The Summit League Curse lives again. The semifinals will be contested by all teams that have made the NCAA Tournament before or by teams that are ineligible, despite the fact that six of the 10 Summit League teams are in the club. Atrocious (Editor Lance here: barf). Sunday capped off the misery with ineligible St. Thomas taking down the top eligible member, Western Illinois, in one quarterfinal.

Then in the other game, South Dakota led North Dakota State most of the way down the stretch before throwing the ball away with an unnecessary pass up one point when it looked like NDSU would have to play the fouling game.

What ensued: NDSU bucket, NDSU not called for striking SD player on the arm during dunk attempt, NDSU one for two free throws, SD halfcourt heave when it should have gotten a better shot. We’re left with Oral Roberts (ick), South Dakota State (yikes), North Dakota State (the trifecta of bad), and ineligible St. Thomas (of course). Disband the league, disband everything. (Editor Lance: Call up the GNAC.)

Texas A&M Commerce is ineligible, but they added to the misery by losing 79-78 on a McNeese State free throw with two seconds remaining.

Lastly, the Founding Fathers are all headed back for another year. Army managed to win its first game, but they were utterly dismantled by Colgate in the semifinals. However, Army’s 17-point loss looked positively rosy compared to William and Mary, which managed to lose 94-46 to Hofstra. It seems quite clear that Hofstra and Charleston are the best teams in the CAA this year, so I can’t complain too much.

What’s left for next week?

Well, for starters, all eyes will be on Utah Valley as they try to win a tough WAC. Despite *literally winning the WAC regular season championship by a game*, the WAC Seeding System said “no” and gave them the two seed. Their first game will be against the winner of an NMTC blockbuster between Tarleton State and UT-Rio Grande Valley.

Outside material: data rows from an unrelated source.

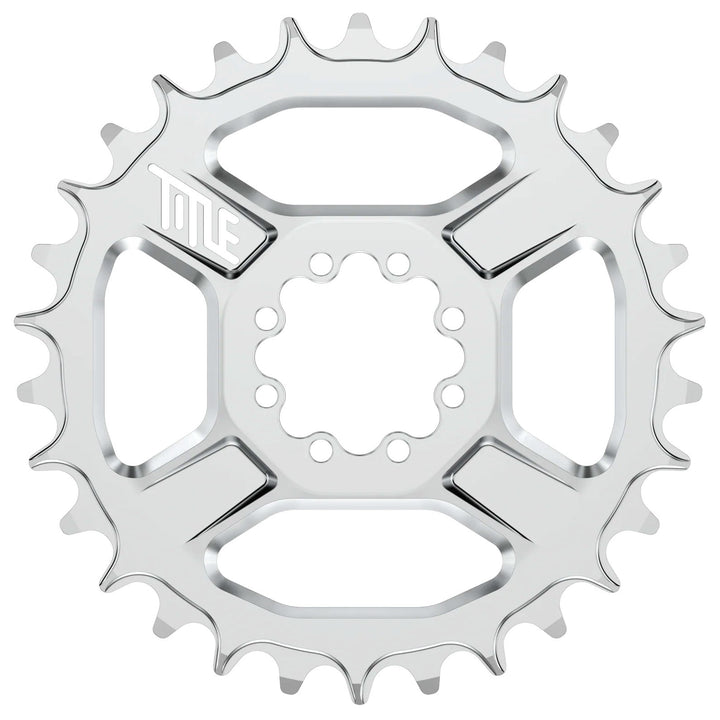 Title CR1 Chainring 30t 8 Bolt Regular Chrome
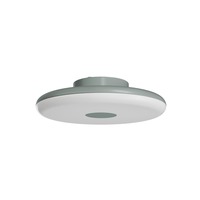 Kruhová - OS ZET60004 ZETA 1 FP stropní/nástěnné plastové svítidlo šedá / bílá - šedá IP40 3000 K 31W LED - OSMONT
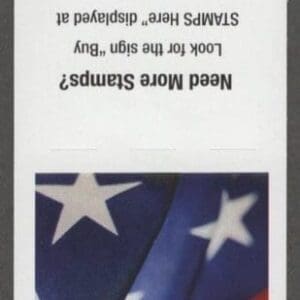 Scott# 4396a "US FLAG" MNH UNFOLDED BOOKLET PANE (10) PLATE # V1111 - Image 2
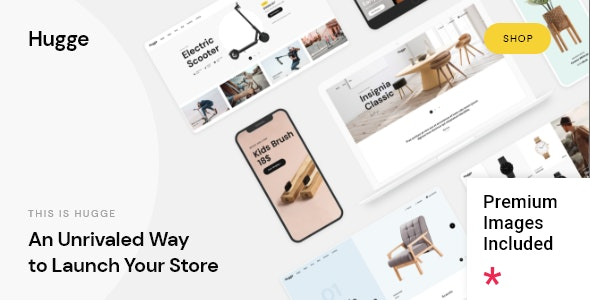 Hugge (v1.0) Elementor WooCommerce主题 - 现代简约电商网站模板
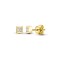 18ct Yellow Gold 40pts Natural Diamond Earrings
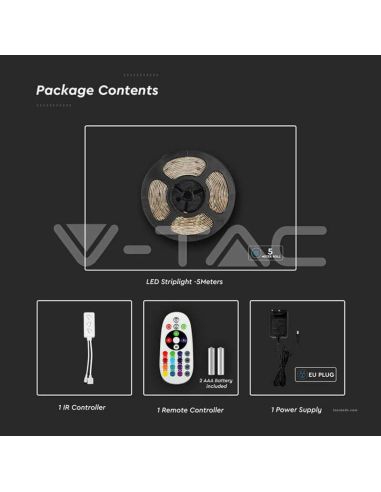 Tira LED RGBW CCT Wifi 5 Metros Alexa o Google Home IP65 2628 | LeonLeds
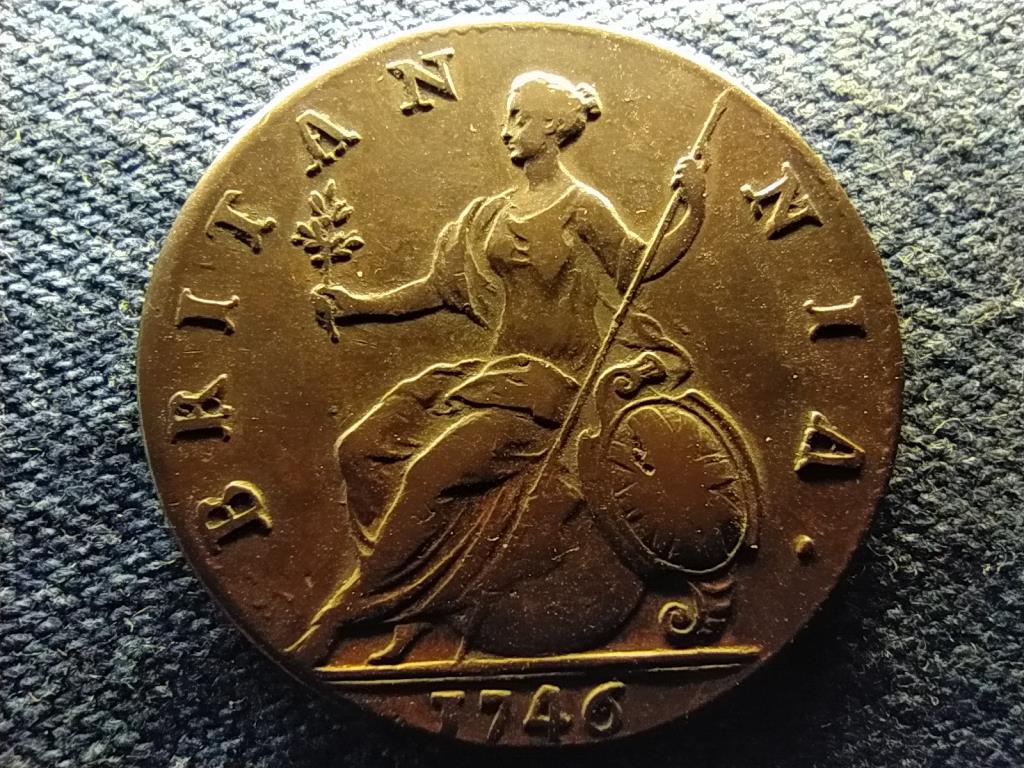 Anglia II. Gy&ouml;rgy (1727-1760) 1/2 Penny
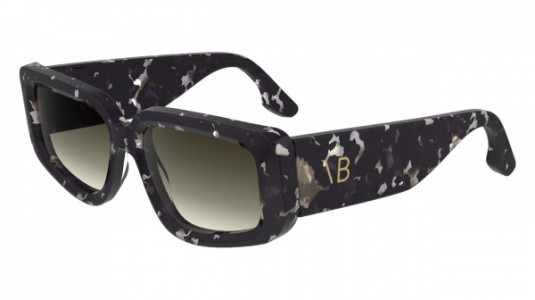 Victoria Beckham VB670S Sunglasses, (010) BLACK HAVANA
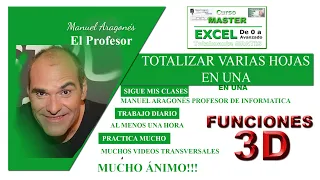 FÓRMULAS 3D En EXCEL 2022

Monday features the return of PenguinsSzn as Youngstown State plays Northern Kentucky. Although this is a 1 vs. 4 matchup, the Penguins will be up against a very difficult Northern Kentucky team. Like Kennesaw State, this rookery had a historic year: they had never won a regular season crown and had only won 20 games once in their 40+ years in D-I; they won the Horizon regular season crown and won a school record 24 games and counting. They haven’t had an opportunity this good in a long while, and who knows when we’ll see another one.

We also have UMass-Lowell’s legitimate shot at winning the America East for the first time, but they face “Founding Uncle” New Hampshire in the semifinal first. UC Riverside, Quinnipiac, and Maryland Eastern Shore are in with a shot. Let’s make it happen!